_WHAT NEEDS TO BE DONE_
Pictures stay out of this copy, which runs from the first line of the material through the line containing "Joan Leslie Vintage".

_MATERIAL PROVIDED_
⟨
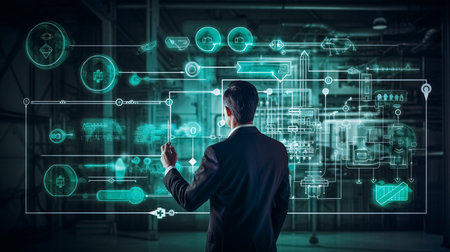 Back view of businessman working with virtual panel and icons on media screenの素材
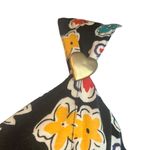 Joan Leslie Vintage Red Yellow Blue Floral Fit N Flare Midi Dress 4 Gold Buttons Black Photo 3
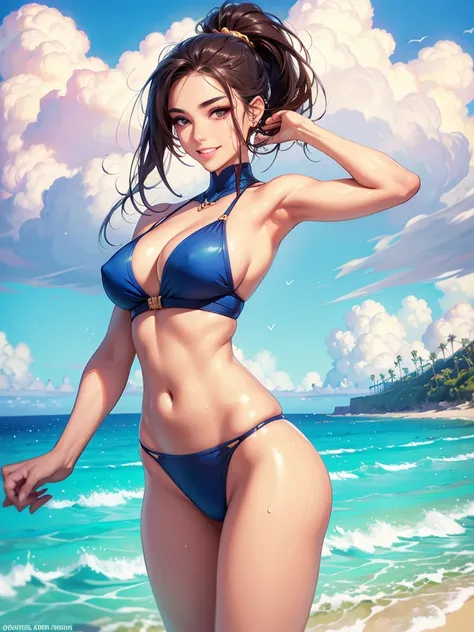 beauty and appearance，sexy brown skin，There are traces of the sun，big boobs and big ass，Tall，Round and smooth，Delicate skin hawaii beach，Blue sea and sky，White sand beach spreads out，Its like a gorgeous picture，Its heart-warming。A gentle breeze，Brings a fr...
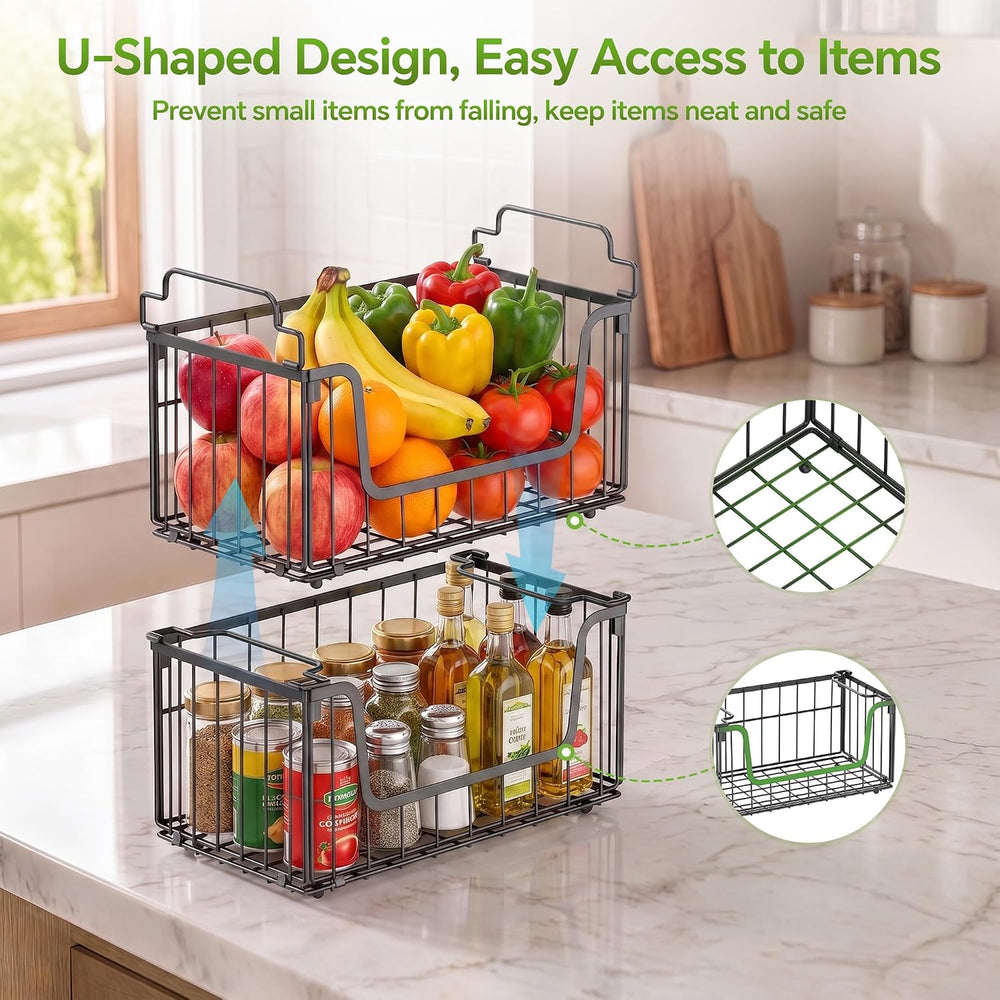 4 Pack Foldable Wire Basket for Pantry Organizers and Storage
⟩
_REPLY TO THE TASK_
 Back view of businessman working with virtual panel and icons on media screenの素材
 Joan Leslie Vintage Red Yellow Blue Floral Fit N Flare Midi Dress 4 Gold Buttons Black Photo 3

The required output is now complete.